The Sunday school lesson I taught the kids at my church this past Sunday focused on the affirmation “What I believe in my heart is what I show in my actions.” The quote came from the A Joyful Path curriculum; their way of saying “For where your treasure is, there your heart will be also.” (Matthew 6:21)
We talked about kids who had accomplished remarkable feats of social justice and outreach. Ryan Hreljac, for example, at the age of 6 planted the seed for Ryan’s Well Foundation. One six-year-old believed in his heart that all people should have access to clean water, and his actions helped to build more than 803 water projects and 1012 latrines to bring safe water and improved sanitation to more than 769,558 people.
Imagine if all of us believed something so simple in our hearts and took actions to help bring it about.
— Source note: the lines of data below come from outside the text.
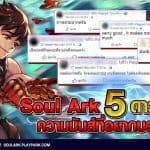 ความมันส์ที่อยากบอกต่อ Soul Ark แรงต่อเนื่องผู้เล่นเทใจให้ 5 ดาวเพียบ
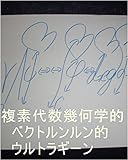 複素代数幾何学的ベクトルンルン的ウルトラギーン　嶋田智幸（ベジータ）。大理石が地球で生まれてくる前、龍王（本名虫生様（ほんみょうただおさま））の知っている生み方、宇宙の砂の数の宇宙の砂の数乗倍の世界の砂の数乗倍以上の全ての生み方一つずつで、全ギャ界の砂の数以上の子供を産みましたがその時にこちら側商店街で金額は大理石が決めていいって言ったら、値段を他の女と生んだ子供の0が宇宙の砂の数以上付く金額って ...
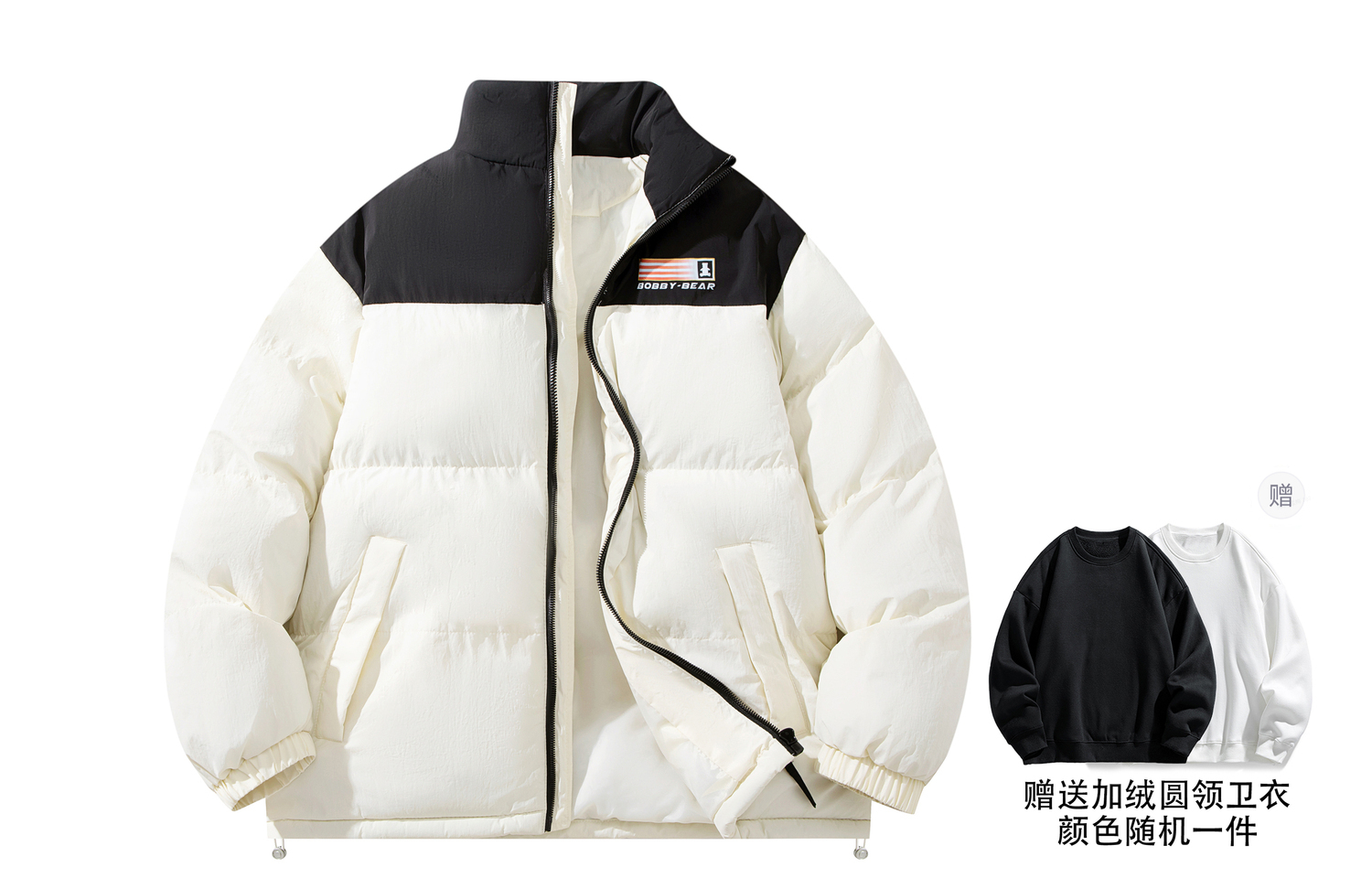 

BOBBY ABLEY Пуховик Unisex, Beige Apricot (Comes with Inner Fleece-Lined Hoodies & Sweatshirts)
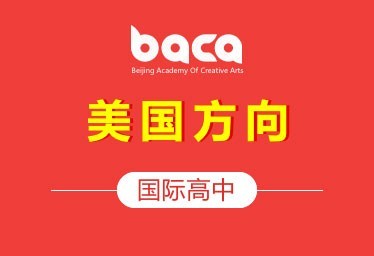 BACA国际艺术教育中心国际艺术高中（美国方向）招生简章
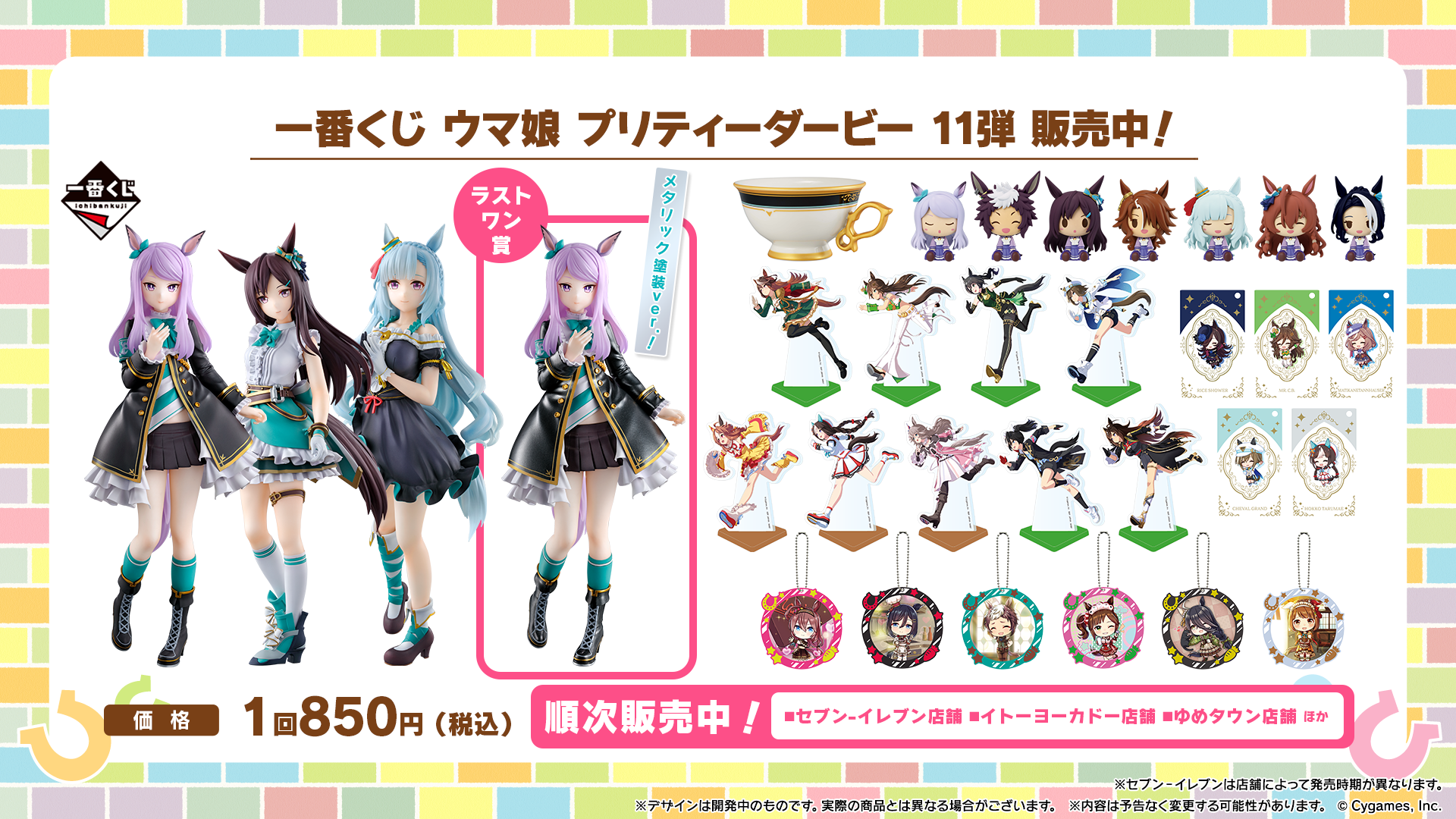 新ウマ娘7人や新機能、アニメ『シングレ』情報など！4周年記念「ぱか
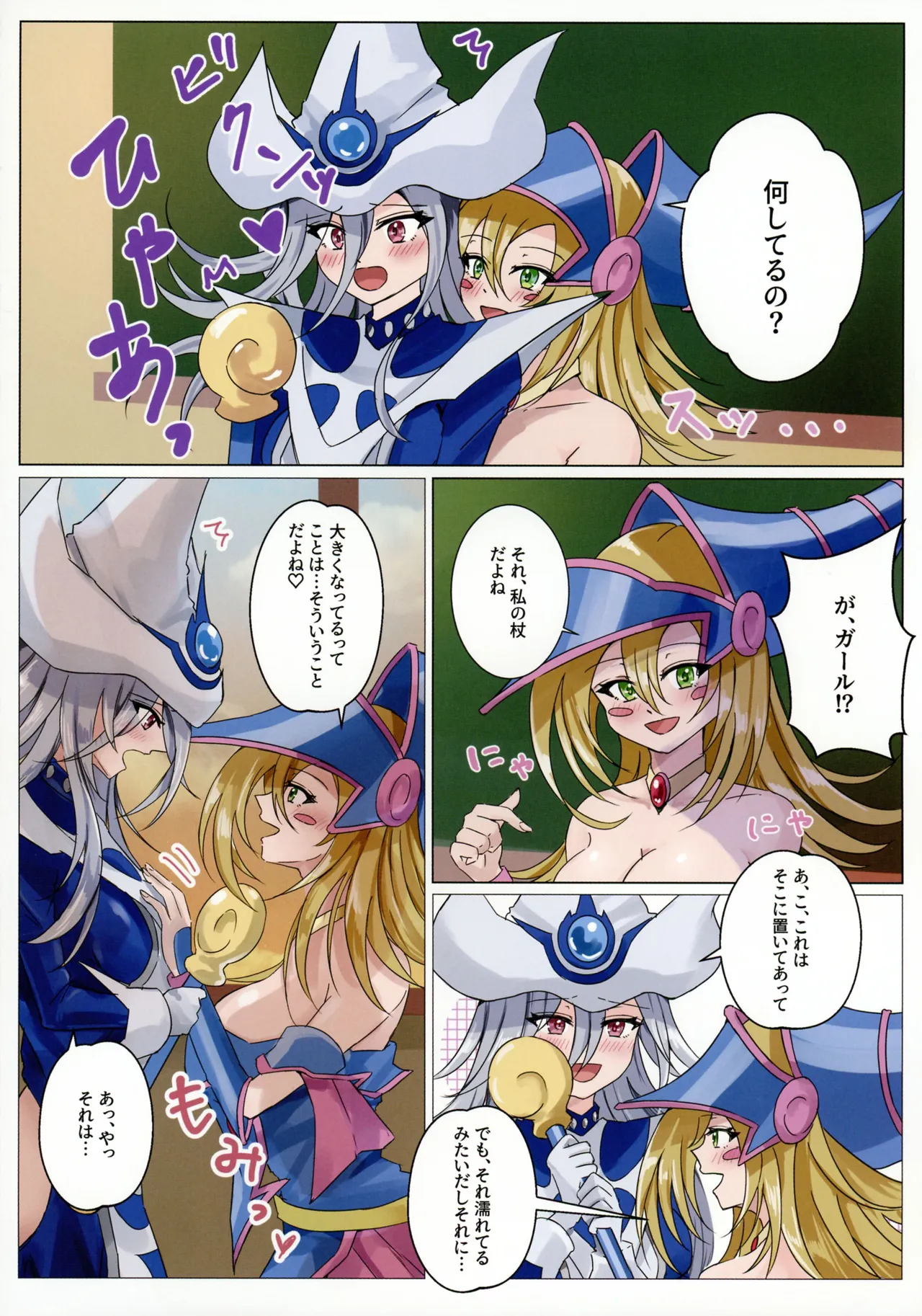 魔女たちの放課後 Page.11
When I returned home that day, I clicked into the Poetry to Inspire blog to read Jean Kay’s poem “The Power of One.” She included a series of pictures of thousands of snow geese gathered in a farmer’s field enjoying tranquil peace, only to be disturbed by an eagle. (See it here: http://poetrytoinspire.wordpress.com/2013/11/03/the-power-of-one)
Do you remember a time when one disruptive presence barged in to destroy the productive peace of a large contented group?
Sometimes I feel I don’t have much power to affect change in the world. What can little old me do to make a difference? But we all hold much more power than we realize—to help others or to disturb others.